Polymerisation runaway reaction, May 1992
In May 1992 an uncontrolled runaway polymerisation occurred on a plant which makes a maleic co-polymer product.
On the day before the incident, the monomer and solvent had been charged to the maleic in the reactor for the polymerisation. A charge of styrene was then made to the reactor to react with the residual maleic followed by a line flush with solvent. During this line flush it was discovered that the monomer line valve was open, and it was subsequently closed. The batch was completed without incident. The following day the batch was charged as normal and heated to 114°C before the first catalyst charge was made. The expected exotherm was exceeded and the batch was put on full cooling. The reaction began to runaway and the pressure in the reactor rose to an estimated 40-50 psig. A 35 psig relief valve lifted, but the 50 psig bursting disc did not burst. However the agitator seal o-ring blew out and a heavy concentration of vapours were released into the plant area.

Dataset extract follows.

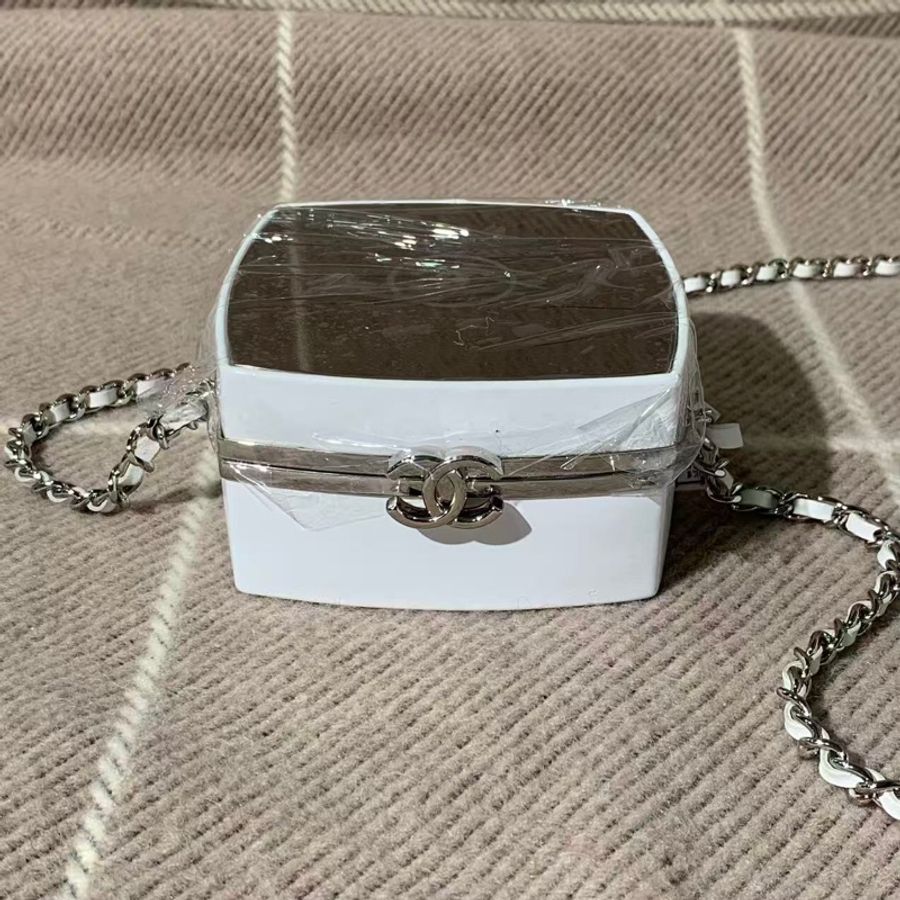 Chanel 香奈兒 21K 秀款白色羊皮鏡麵粉餅包化妝包 尺寸11×11cm-1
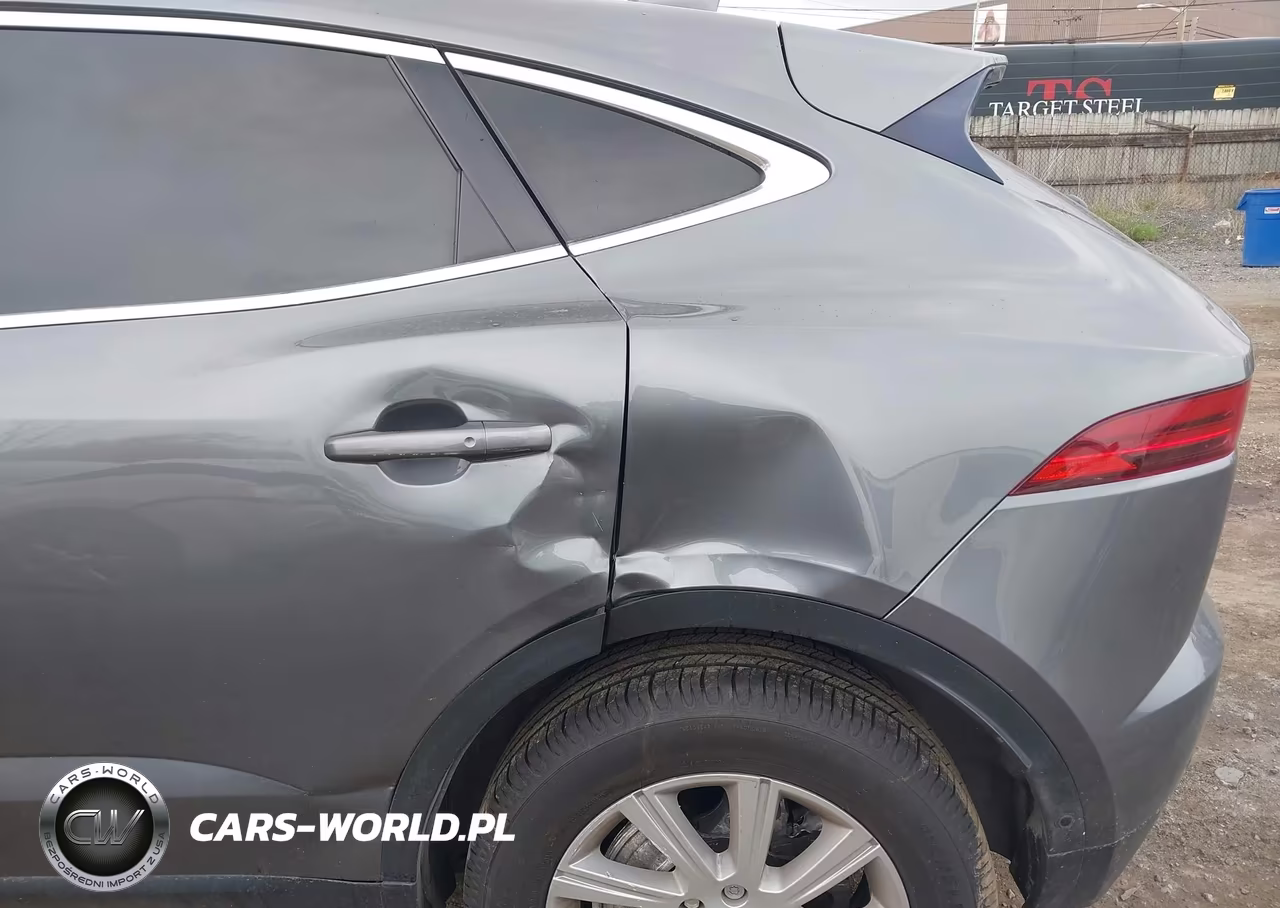 2018 Jaguar E-Pace R-Dynamic S-S VIN:SADFJ2FX0J1Z24879 - 6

It was discovered that on the previous day, styrene had back-flowed into the monomer line via the open block valve. A non-return valve in the monomer line failed to prevent this. This styrene was contained in the initial charge of the following batch resulting in a significantly more vigorous reaction than normal, which exceeded the reactor control.
Failings in technical measures
- The reactor venting and relief system could not cope with the maleic / styrene co-polymerisation.
- Reaction / Product Testing: effect of impurities
- Relief Systems / Vent Systems: sizing of vents, especially exothermic reactions
- The rating of the agitator seal pressure lower than the bursting disc set pressure resulted in a release of process vapours into the plant area rather than to a safe area.
- Design Codes - Plant: rotating equipment seals
- There was no fast and effective way to add quench water to absorb the heat of reaction in an emergency.
- Quench Systems: sizing
- The plant evacuation alarm only sounded when the actuator was held in and was located within the vapour cloud.
- Emergency Response / Spill Control: area evacuation
- Maloperation of the transfer route block valve allowing the back-flow of material through a faulty non-return valve.
- Inspection / Non-Destructive Testing (NDT): proof testing
‘Polymerisation Runaway Reaction’, Loss Prevention Bulletin, Issue No. 110, April 1993, pp 25-26, Institution of Chemical Engineers, ISSN 0260-9576.